In a previous post, I described the growing calls for what I called a “systemic duty of care” (SDOC) in platform regulation. I suggested that SDOC requirements would create difficult questions in ordinary intermediary liability litigation. By encouraging or requiring platforms to review user content or exercise more control over it, SDOC laws would change courts’ reasoning in cases about YouTube’s liability for a defamatory video, for example. Plaintiffs in such cases may suddenly find it either much harder or much easier to prevail against platforms.

In this post, I will describe some possible formulations of the SDOC, and their potential consequences for policymakers’ intermediary liability and content moderation goals.

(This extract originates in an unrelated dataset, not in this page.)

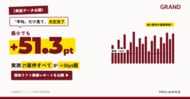 オフィスビル広告GRAND、認知リフト実績レポートを公開｜実測21案件すべて+50pt超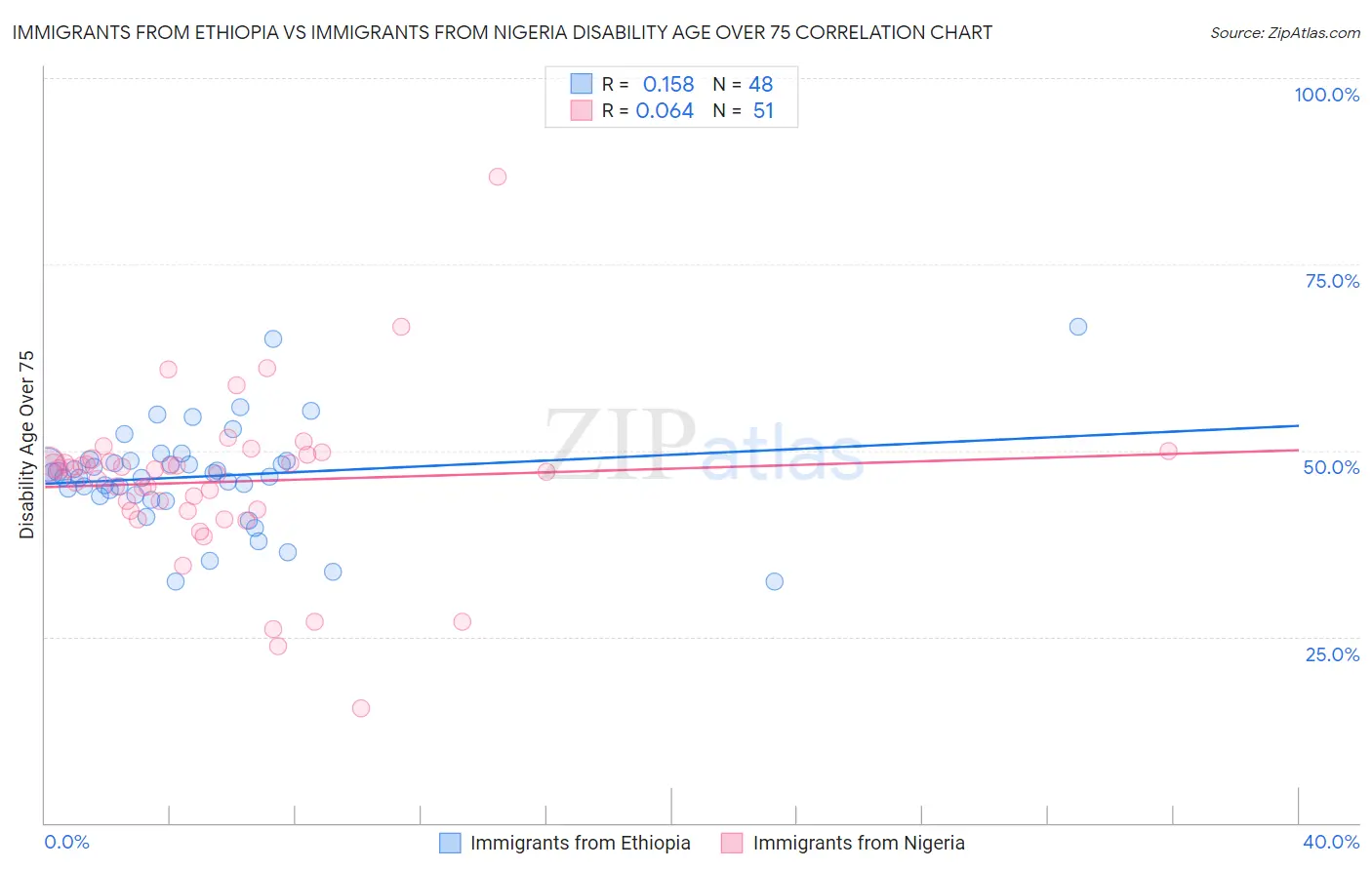 Immigrants from Ethiopia vs Immigrants from Nigeria Disability Age Over 75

I will also touch on fundamental rights and competition/innovation concerns, which shape legislative options in this space. To do this, I will focus in on just one legal framework: EU law under the eCommerce Directive and proposed Digital Services Act. I think, though, that the larger points of this post apply equally to legal proposals in the U.S., UK, and elsewhere. I will briefly speculate on those larger implications in the final section of this post.

This analysis draws on the straw-man SDOC model described in the prior post.

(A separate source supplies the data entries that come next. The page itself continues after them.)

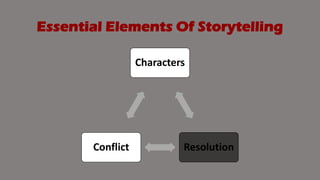 Essential Elements Of Storytelling
Characters
Resolution
Conflict
 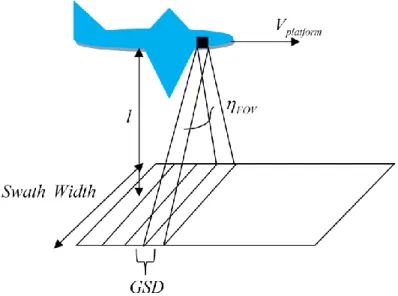 Figure 3: “Pushbroom” Data Collection. Reprinted from (Bihl) 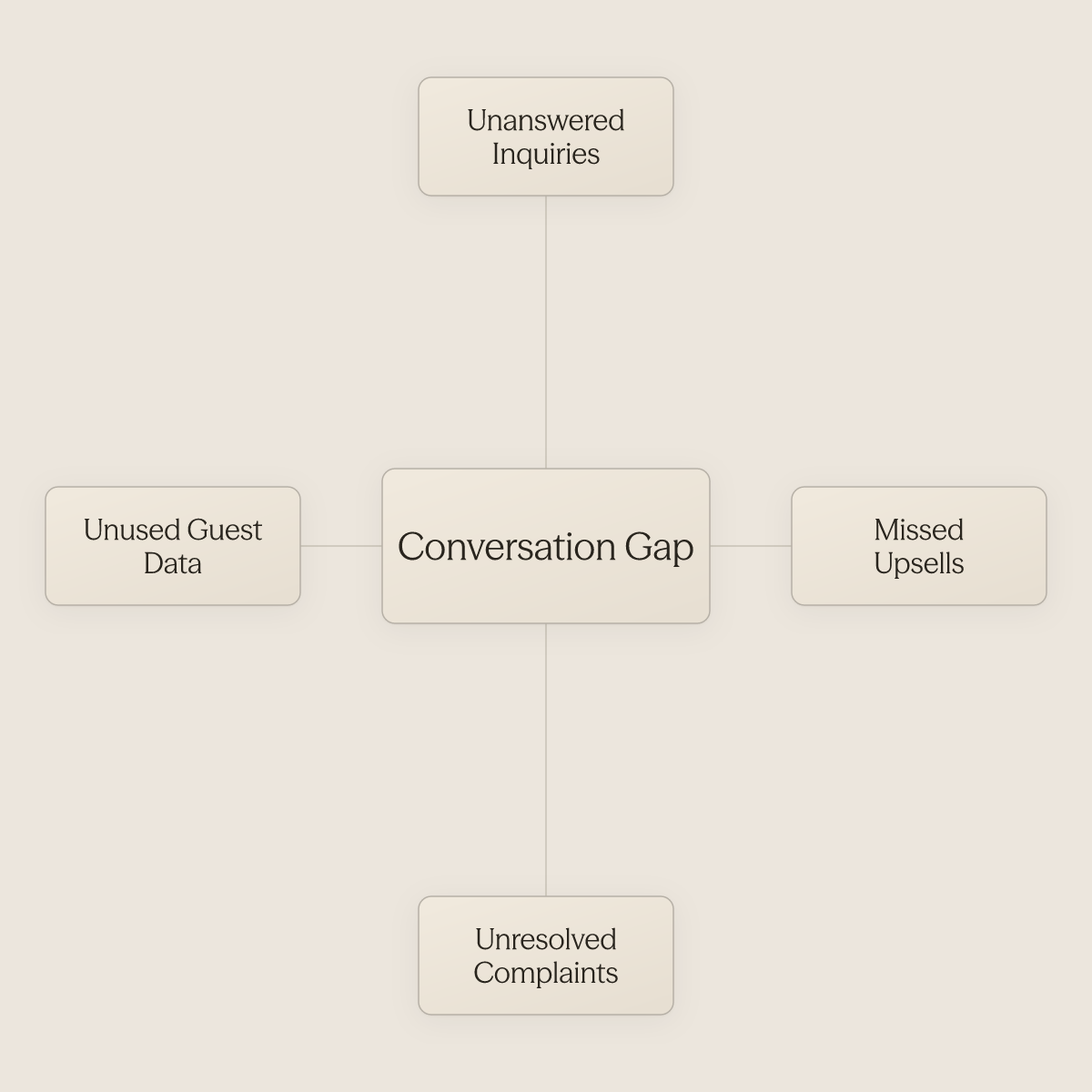 Hub diagram showing the conversation gap at center with four surrounding revenue failure points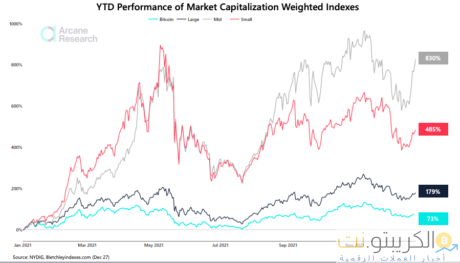 مخطط يوضح أداء فهارس التشفير في عام 2021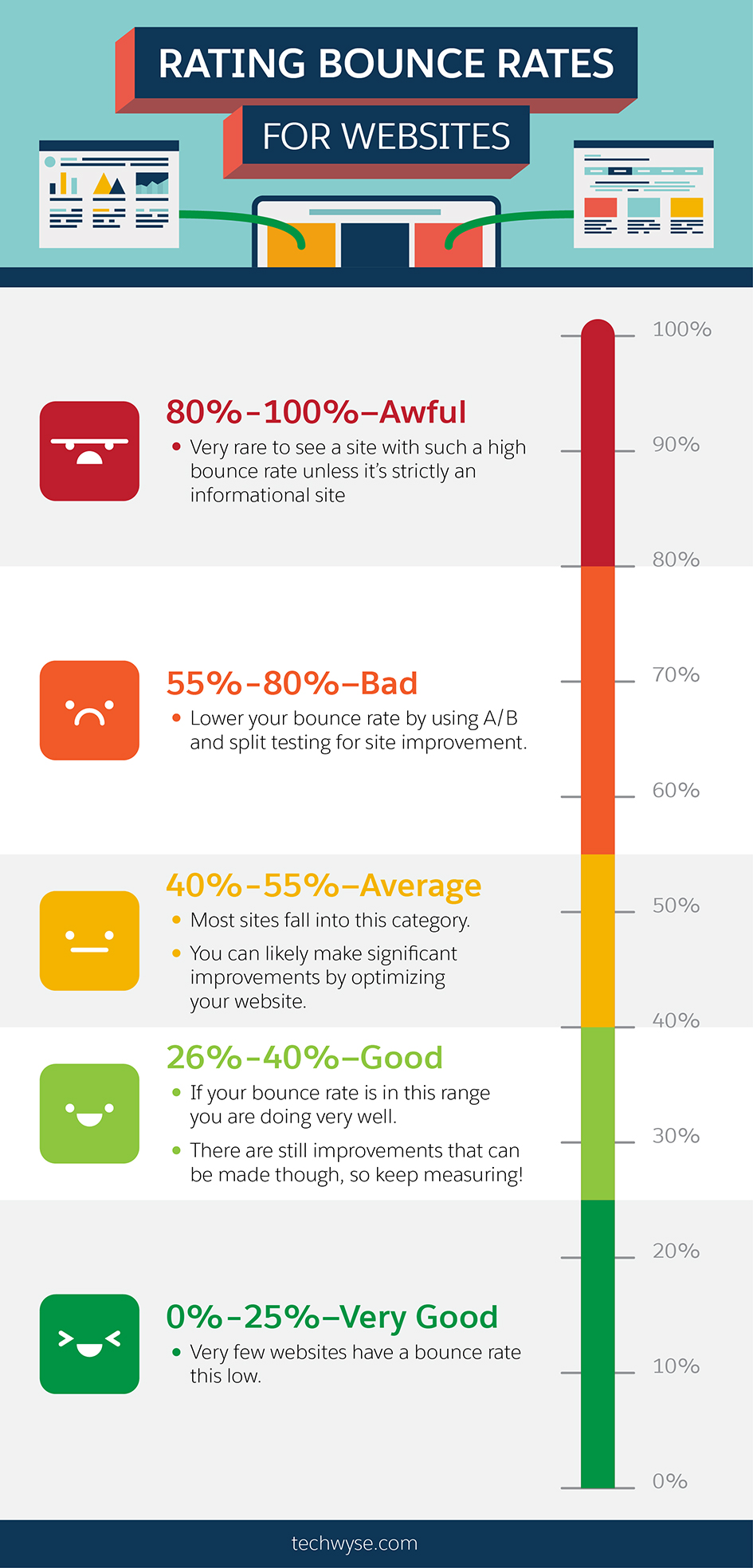 the 5 online marketing metrics you must understand and why marketing metrics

[Update June 10 2020: To be clear, I am not endorsing this model. I would be particularly concerned about any proposal that includes proactive monitoring obligations. Such obligations raise both the fundamental rights concerns that I have written about elsewhere and the concerns about doctrinal incoherence and unintended consequences that I discuss in these two posts.]

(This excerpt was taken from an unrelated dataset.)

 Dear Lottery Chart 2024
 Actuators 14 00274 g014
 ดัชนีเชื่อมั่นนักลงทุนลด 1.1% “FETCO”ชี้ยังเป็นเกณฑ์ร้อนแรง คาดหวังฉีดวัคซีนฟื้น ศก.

  • The SDOC sets a standard for platforms’ overall content moderation system (i.e. not a standard for liability in individual cases).
  • The SDOC coexists with ordinary intermediary liability laws like Article 14 of the eCommerce Directive
  • Platforms must meet SDOC requirements in order to claim immunity in ordinary intermediary liability litigation.
  • The SDOC requires proactive monitoring measures (i.e. not just improved notice and takedown).
  • The SDOC only requires platforms to tackle illegal content (meaning content that is expressly prohibited by law, not content that might broadly be deemed “harmful”).

Even with those variables pinned down, there remain many possible formulations of the SDOC.

I. Prescriptive and Flexible Approaches to the Systemic Duty of Care

I will examine two broad SDOC models: a highly prescriptive one and a flexible one. Examining these two poles should help us think through other variations. For example, a hybrid regime might enumerate required minimum measures and also require “reasonable” or “proportionate” additional efforts. Such a combined rules/standards approach would, I think, raise a mixture of the issues I discuss below.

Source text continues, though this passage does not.